:: What is needed ::
Could you retype, exactly and with no pictures, only the lines from the first line of the records below through the line that contains "MCM • Gentleman’s"?

Short descriptive text snippets:
+ + + + + + +
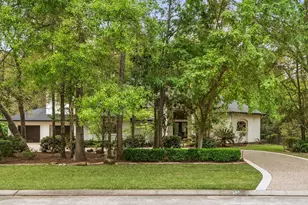 55 Benton Woods Circle, The Woodlands, TX 77382 - Photo 2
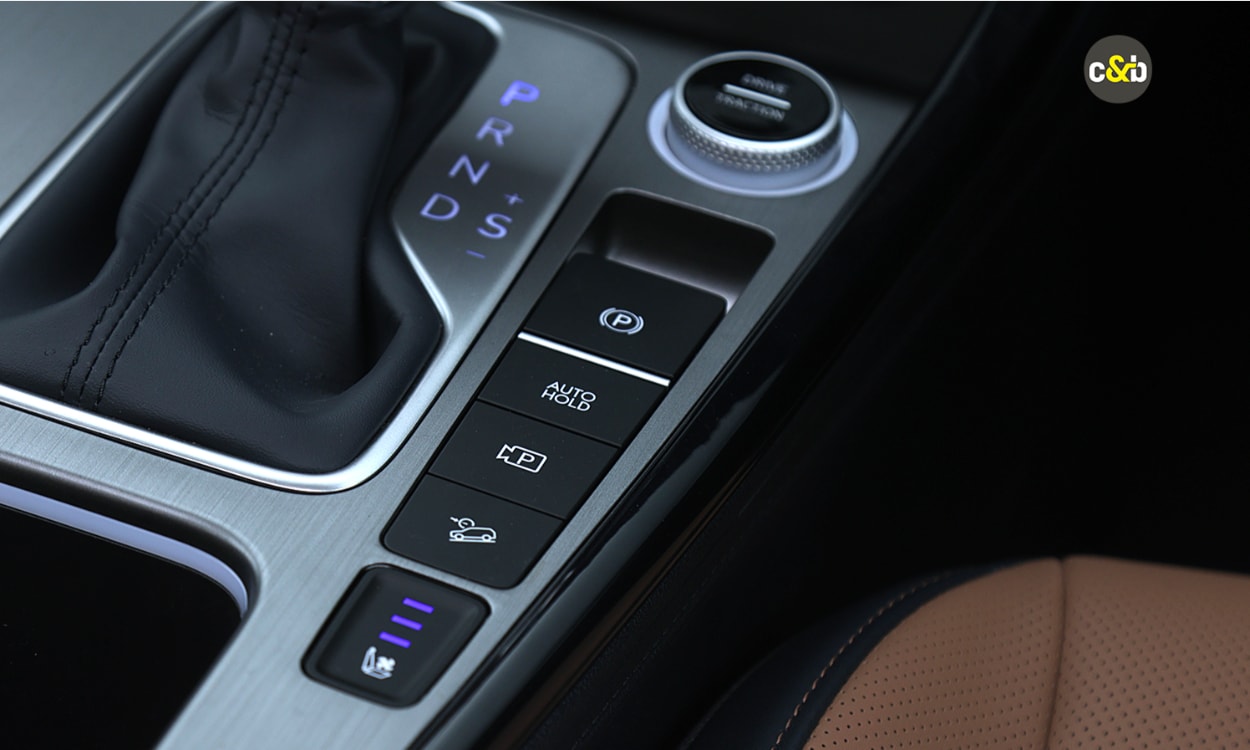 Hyundai Alcazar Gear Hyundai Alcazar Gear images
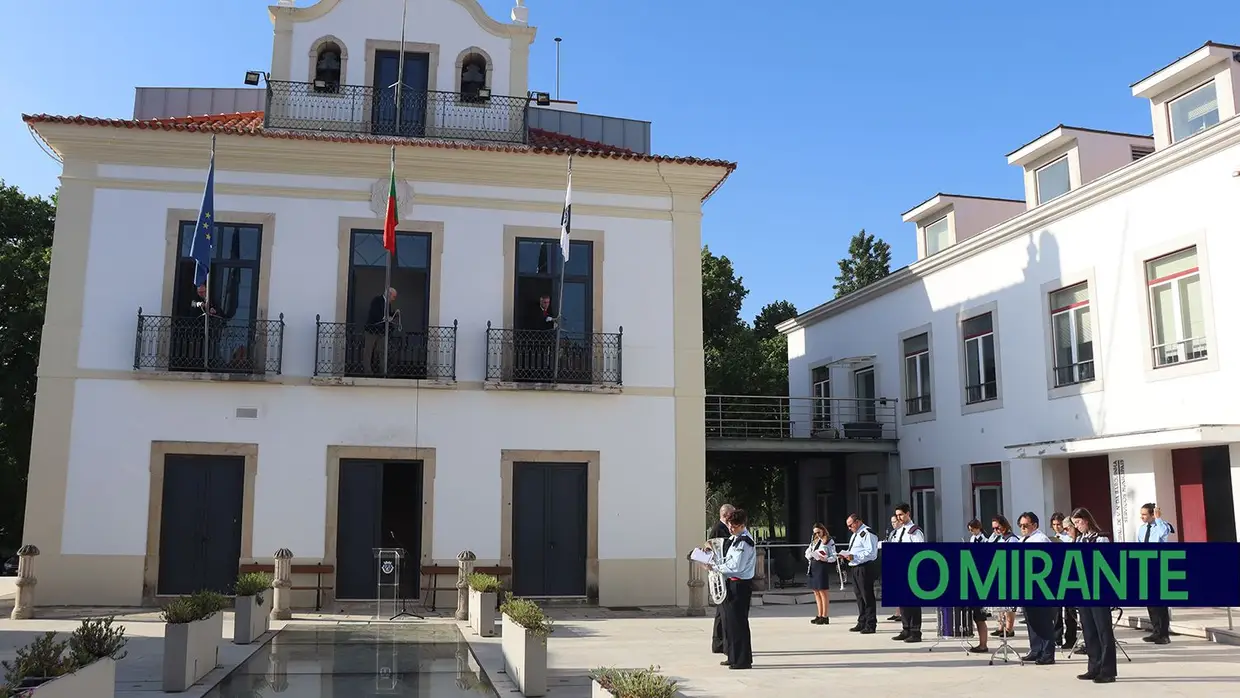 Vila Nova da Barquinha assinala 25 de Abril com cerimónias, desporto e música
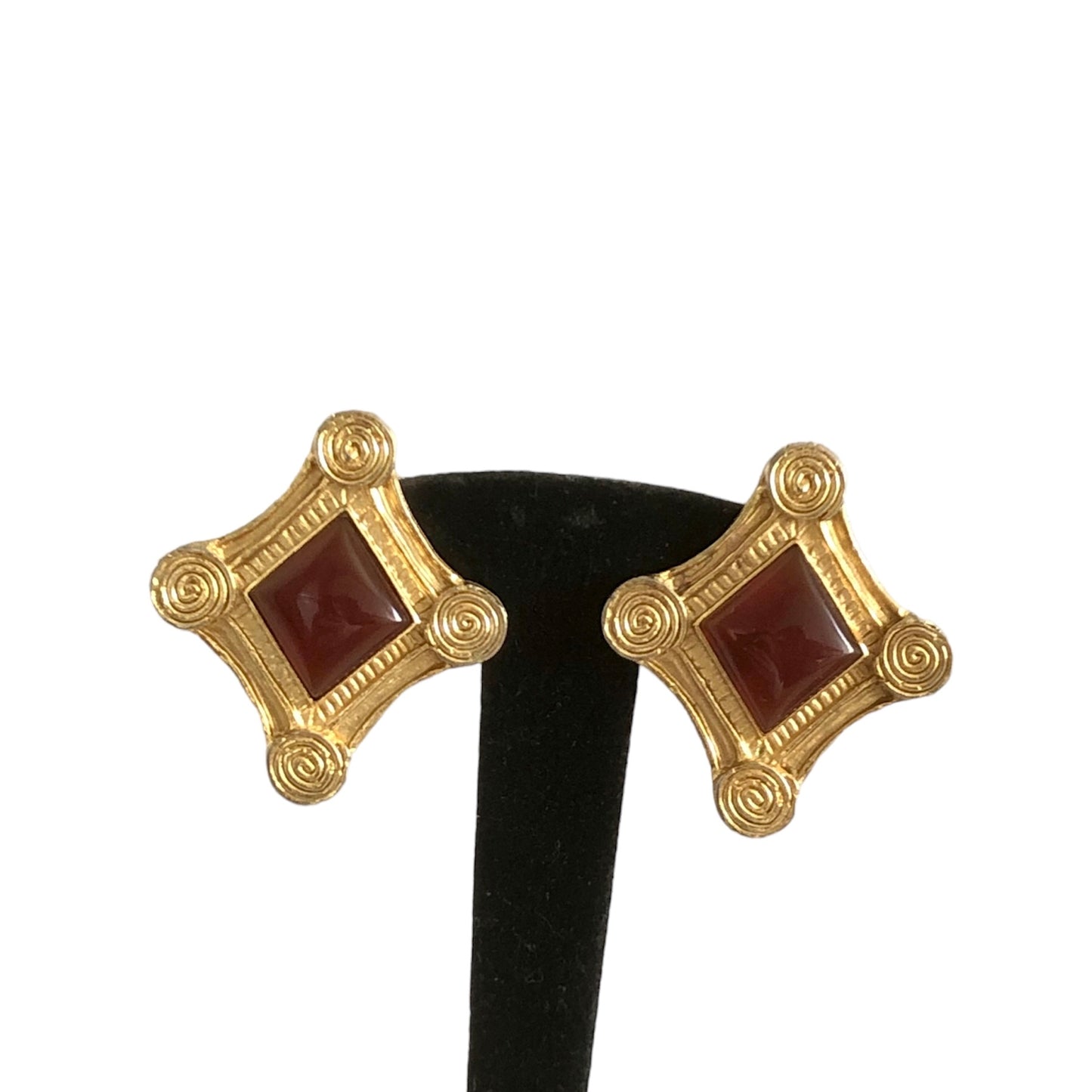 Clip earrings signed "Vendôme"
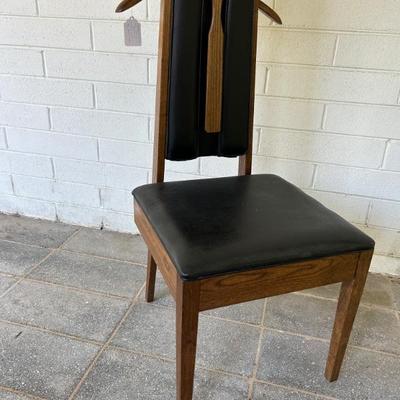MCM • Gentleman’s • Valet  Seat • $77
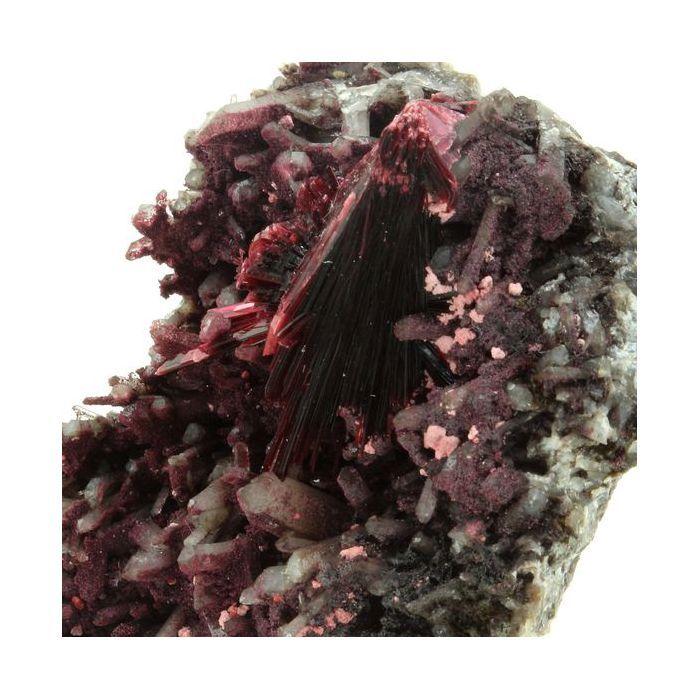 Pierres et Minéraux. Erythrite. 189.5 ct. Bou Azzer District, Tazenakht, Maroc.
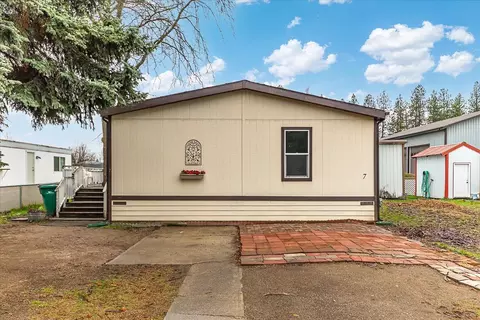 3925 E Farwell Rd # 7, Mead, WA 99021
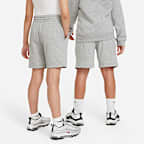Σορτς από ύφασμα French Terry Nike Sportswear Club Fleece για μεγάλα παιδιά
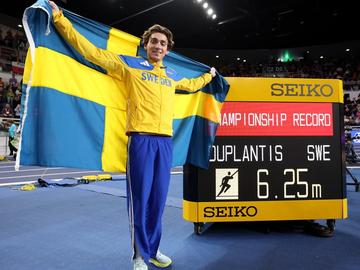 Феноменът Дуплантис счупи собствения си рекорд за четвърта световна титла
+ + + + + + +
:: Exercise answer ::
 55 Benton Woods Circle, The Woodlands, TX 77382 - Photo 2
 Hyundai Alcazar Gear Hyundai Alcazar Gear images
 Vila Nova da Barquinha assinala 25 de Abril com cerimónias, desporto e música
 Clip earrings signed "Vendôme"
MCM • Gentleman’s • Valet  Seat • $77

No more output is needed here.